I had my lecture notes ready, and the subject was, “Patience, children.” The Braves had overridden a 4-1 deficit through much help from the opponent and were one out from victory, and victory would mean a 3 1/1-game lead with eight remaining. And Craig Kimbrel, Mr. Automatic for the People, was on to do what Craig Kimbrel does, and after a nervous couple of days — heck, a nervous couple of weeks — order was set to be restored.
Then Craig Kimbrel, who had yielded one home run in his first 97 big-league appearances, was touched for his second in two days.
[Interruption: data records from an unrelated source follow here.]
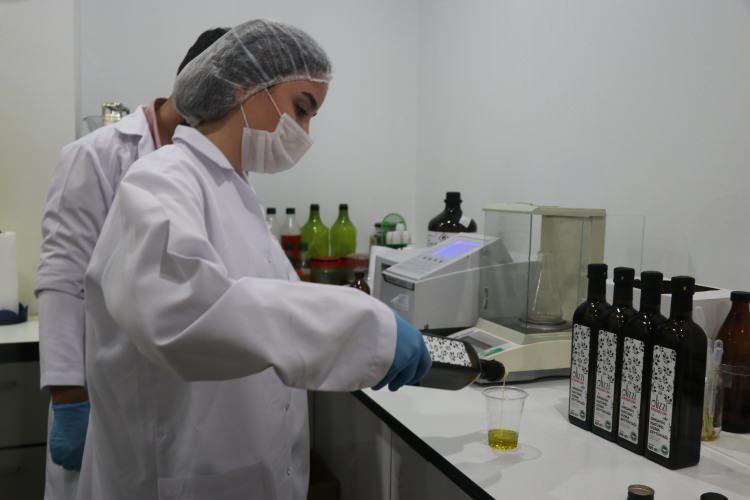 <p>- "Tıpkı bir bebekle ilgilenir gibi ilgileniyorum"</p>

<p>Türk zeytinyağını tüm dünyaya tanıtmak istediğini vurgulayan Aydın, yaşamını bu mücadeleye adadığını söyledi.</p>
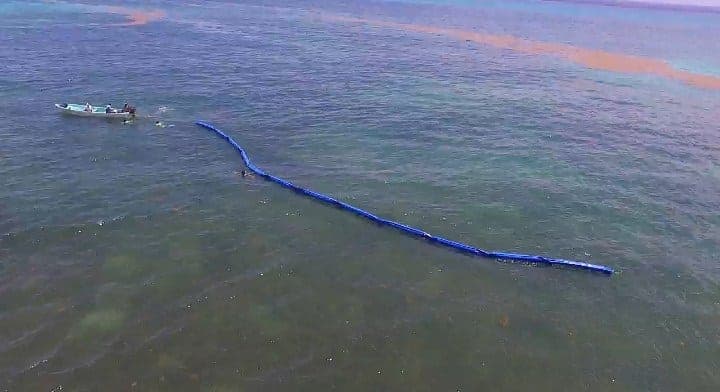 Arranca la instalación de la barrera antisargazo en Playa del Carmen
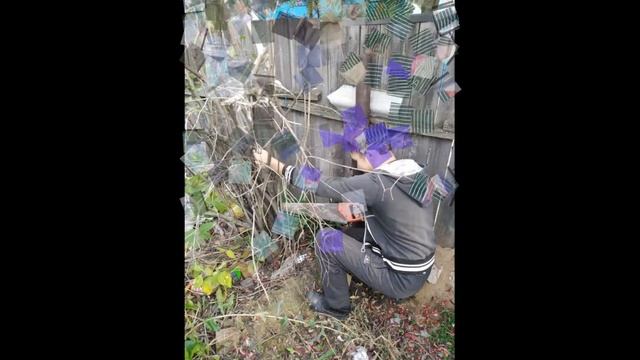 Республиканская олимпиада по самопознанию смотреть онлайн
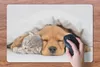 MuchoWow® Schreibtischunterlage Haustiere - Hund - Katze - Produktbild-Vorschau 3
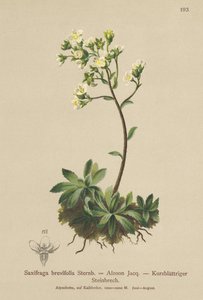 White Mountain Saxifrage (Saxifraga brevifolia, Saxifraga Aizoon) af German School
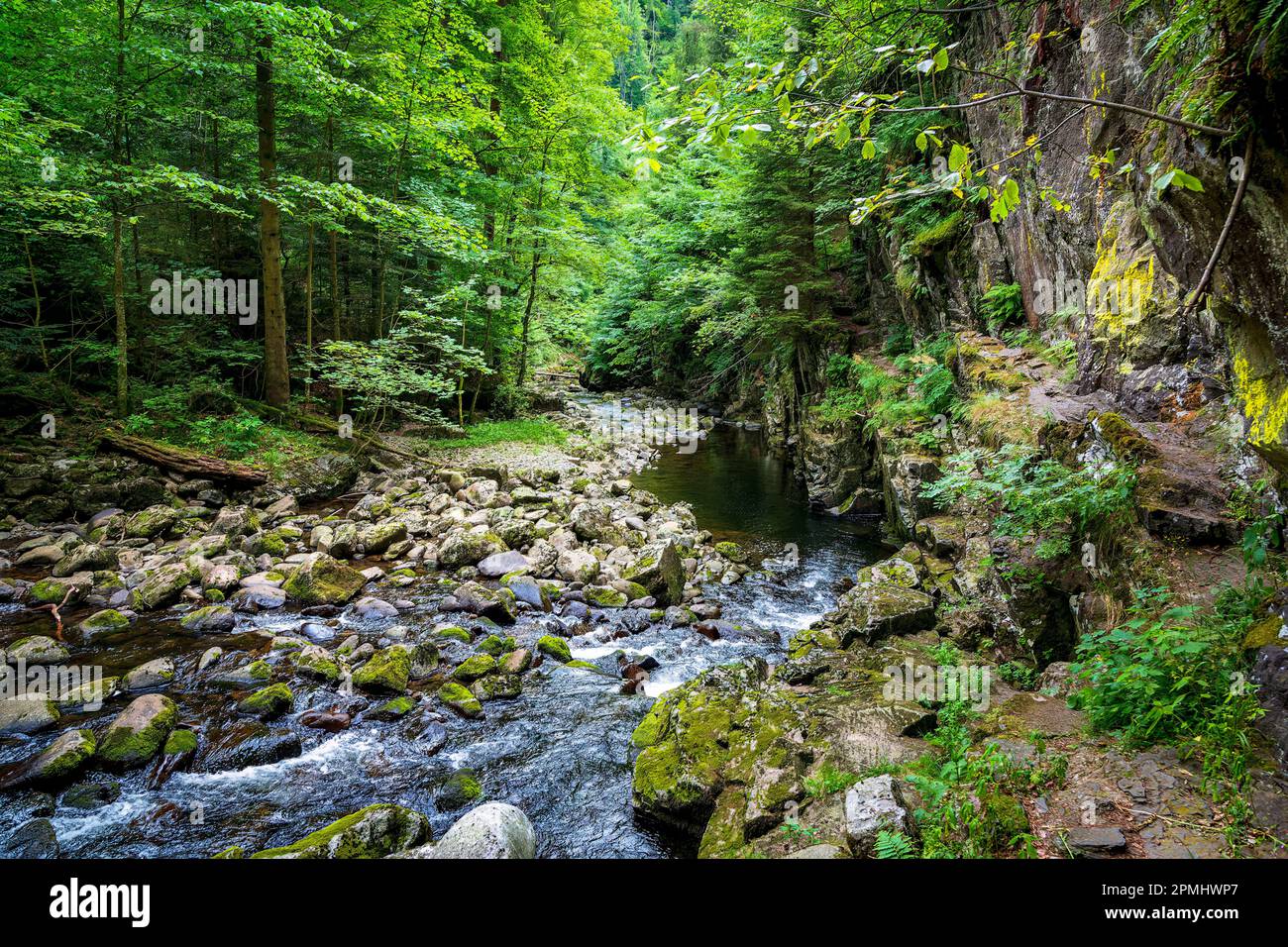 Un ruisseau sauvage traverse la forêt bavaroise, traversant un terrain rocheux et offrant un habitat prospère à une faune et une flore variées. Banque D'Images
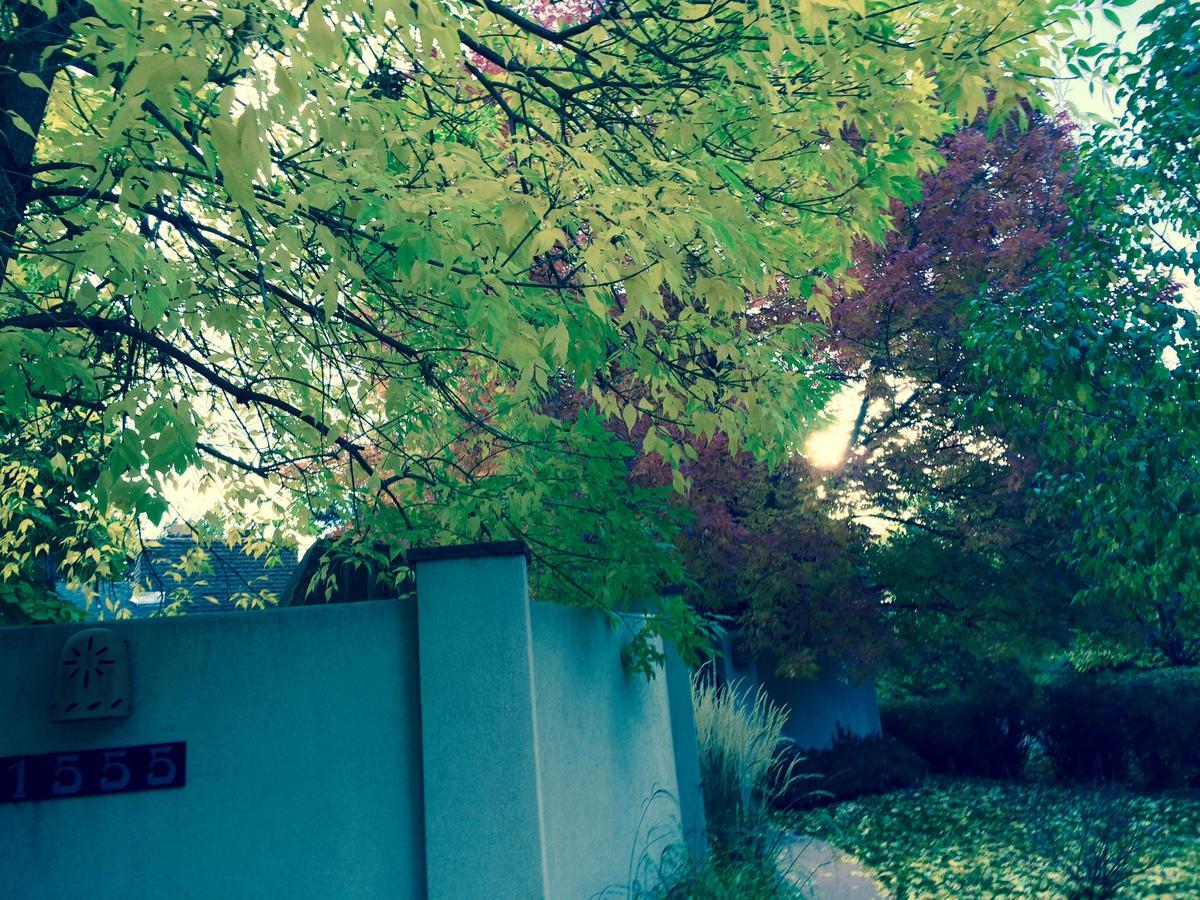 Like Home But Better! A Boulder Favorite!! Exterior foto
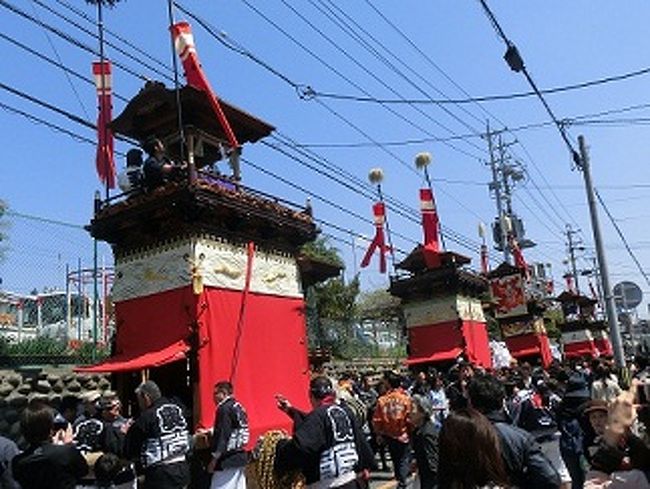 　今、私はまだ明けきらぬ朝の常滑散歩道をを歩いてきました。　あちこちで咲き誇っていた名残を見せる桜の花は何とかお祭りまでは咲いていたいとでも思っているかのようで天気にも恵まれ常滑の山車祭りは始まったのです。　ホテルに戻り朝食をしていたら、1台の山車が目の前を通り過ぎて行きました。<br />　ホテルのスタッフに６台の山車がが集結して並んで走るところはどこか、と尋ねていたら、お隣りの席の中年女性から「10時10分に〇〇小学校ですよ」と元気な声で帰ってきました。<br />　お礼を言うとそのご婦人ら3人は「フォートラベル」の山車祭りの記事を読み、もう常滑は何度も来ているところだけど来てしまった、というのですから、書き込んだ私としては嬉しい限りでした。<br />　東京からですか？の問いに「そうです」と答えたら、ご婦人らも世田谷からだと言う。<br />　東京では山車祭りは珍しく、つい、出かけてきたと言うのだが玉川上水のグリーンロードの話をしたら、そちらも歩きました、と言う。かなりフォートラベルを活用している方のようでさらにうれしい限り。<br />　偶然にも大学が多い町・小平を紹介したら、よく知っているとのことで、共立女子大の神田講堂で大学バンドの演奏会をしたことがあると話したら、その共立女子で付属から学ばれた方とのこと、等々力渓谷の近くにお住まいで、何とも奇縁であったが、こうして旅先で出会えるのは楽しいです。<br />　私は常滑の山車祭りを観たいと夜中に東京を発ち、深夜の東名を走り、伊勢湾道からセントレアへと走りましたが、ナビのお蔭で最近は道を間違えることもなく、便利な世の中をつくづく感じます。<br />　さて、お祭りと言えば神輿ですが、ここ常滑のお祭りでは京都や飛騨高山祭と同じで山車を曳きます。<br />　この違いを知っていますか？　お祭りの出し物でも「御輿と山車」には大きな違いがあります。　そんなことも気にしながら見物するとさらに興味が湧いてくるから不思議です。<br />　おみこし（御輿）とは神がこの世に降臨する時の乗り物、「神様」をお乗せするための物で、山車は降臨してくる神様をおもてなしするために「祭りばやしや、芝居、舞を行うためのイベントカーのようなものです。<br />　ですから、御輿には鳳凰の飾りの付いた屋根や彫刻が付けられ、担ぎ手によって担がれます。<br />　山車は、その上で芝居・踊り・お囃子を執り行い、その山車を引き綱で引っ張り動かすものです。<br />　常滑の春祭りは六台の山車が町内を練り歩くもので、市内の常石神社は天照の神が降臨し、人の道を説き始めた所として知られ、神の降臨を喜ぶのが、常滑の山車祭りの姿です。<br />　今年は山車が町中を練り歩くのを追っかけしながら、人々の祭り事としてのお祭りを考えてみたいと思っています。<br />　高山祭りで見た山車とよく似た山車が軒の連ねた狭い路地の間を練り歩く姿は人々の心が一つになってできる業であり、いいもんです。<br />　振り返ると早や1年、今年の常滑の春祭りは4月12、13日に開かれると聞き、やって来たが、思いついたら実行するのが私流、「祭り見物」に出かけて来てしまった。<br />　町内を練り歩く６台の山車は途中「神明社」、「常石神社」に立ち寄るとのこと。随所にいい写真が撮れるスポットがありそうだ。（すでに昨日、下見チェック済です）<br />　桜咲く常石神社の参道、やきもの散歩道をぶらりしながら、ひと時の癒しの旅をあなたも味わってはいかがでしょうか？<br />　私がお薦めする常滑の旅は次のようなもの。　ご参考にされ、ぜひ現地でお会いしましょう。　猫好きの方には堪らない思い出の地になることでしょう。　私はホテルAU常滑に滞在中です。<br />　*注　特に常滑と言えば日本の六大窯元の一つ、常滑焼で有名ですが近年　　　では「招き猫」の特産地として知られています。<br />　　　　街の中を歩くとあちこちに猫をモチーフにした焼き物が点在するの　　　で、猫好きの方にはぜひ愛猫の聖地として訪れることをお薦めしま　　　　す。　カフェで、蕎麦屋で隣り合わせになった旅人と思わず「猫談　　　　義」、そんな新しい旅スタイルが常滑にあります。<br />　常滑の春祭りに猫好き人間が全国から集結して「私の、おらが猫自慢」をしあえたら楽しいですね。<br />　また、この機会に皆さんがお持ちの「かわいい、or　珍しいしぐさの愛猫の写真などを一堂に会して写真展を開けたら楽しいですね。<br />　楽しい企画案がありましたら、ぜひお寄せください。<br />　私のメールアドレスはwishbone55@aroma.ocn.ne.jp　です。よろしく！<br />　<br />☆☆☆　私の薦める“常滑ぶらり旅”プラン　・・・・<br />　　　　　桜の下で春祭り見物とやき物散歩道を往く旅なら、<br />　a)　常滑駅を降りたら（名鉄線）・・・　　焼き物散歩道をめざせ！！<br />　　　　駅前よりやきもの散歩道：Ｂコースを進んでみましょう。<br />　　　散歩道の途中にはおしゃれなレストランやカフェもたくさんありま<br />　　　すから、いそがずゆっくりが一番！<br />　　　　　詳しくは常滑市観光協会へ　　　0569-34-8888<br />　b)　山車は途中、常石神社と神明社にて集結しますので、そこは写真撮影<br />　　　にはベストスポットといえます。　くわしくは観光協会へ<br />　c)　食事処のお薦め・・・ソニーの創業者　盛田昭夫氏の生家である盛田　　酒造、味噌蔵の味噌煮込みうどんをお薦めします。<br />　　　　モリタ<br />　d)　明太子製造工場の無料見学は大賑わい！<br />　　　　明太子と言えば福岡のものと思っていたらその工場が常滑にも　　　　　あるんです。　すごい人気スポットですよ。<br />　　　　めんたいパーク　　（株）かねふく　　<br />　e)　宿泊なら駅前のAU常滑ホテルが人気です。　快適でリーズナブルな価　　　格が何よりで、地下にある大風呂はゆったり感があって寛げますよ。<br />　　　　AU常滑ホテル　　常滑駅前　0569-36-1600 <br />　　　　セントレア東横イン　　　　0569-38-0045　<br />　f)　やきもの教室　　市内各所にあり　<br />　　　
Doing the deed: Omar Infante, former Brave and author of five homers this season. And the lead’s down to 2 1/2 games with eight left, the Cardinals somehow having gained ground on a night when they faced Roy Halladay and the Braves were one out from victory.
And now I say, “Patience? It can be overrated.”
As of Sunday afternoon, I was convinced the Braves were still in fine shape. They were 4 1/2 up and had a one-run lead on the Mets, and the Braves with a one-run lead this season have been safe as houses. But Jonny Venters started walking people, which Jonny Venters sometimes does, and this time he couldn’t tiptoe out of it. One blown save, one game lost on the field, one game lost (after St. Louis beat Cole Hamels on Sunday night) in the standings. And now this reversal in Miami. And now …
My faith is, shall we say, undergoing a test.
Even in a season where Dan Uggla stopped hitting for three months and 40 percent of the rotation has gotten hurt, these Braves have been able to bank on their bullpen. It’s why they were 8 1/2 games in front the morning after Labor Day. It’s why they figure — figured? — to be a tough out in the postseason. But now the bullpen is showing the strain, and if that goes then what’s left?
I don’t know the answer. I’m not sure I want to know the answer. All I know for certain is this: I no longer consider the Braves a postseason certainty.
On paper, they still should make it. But some games are so galling they make you wad up that paper and toss it in the trashcan.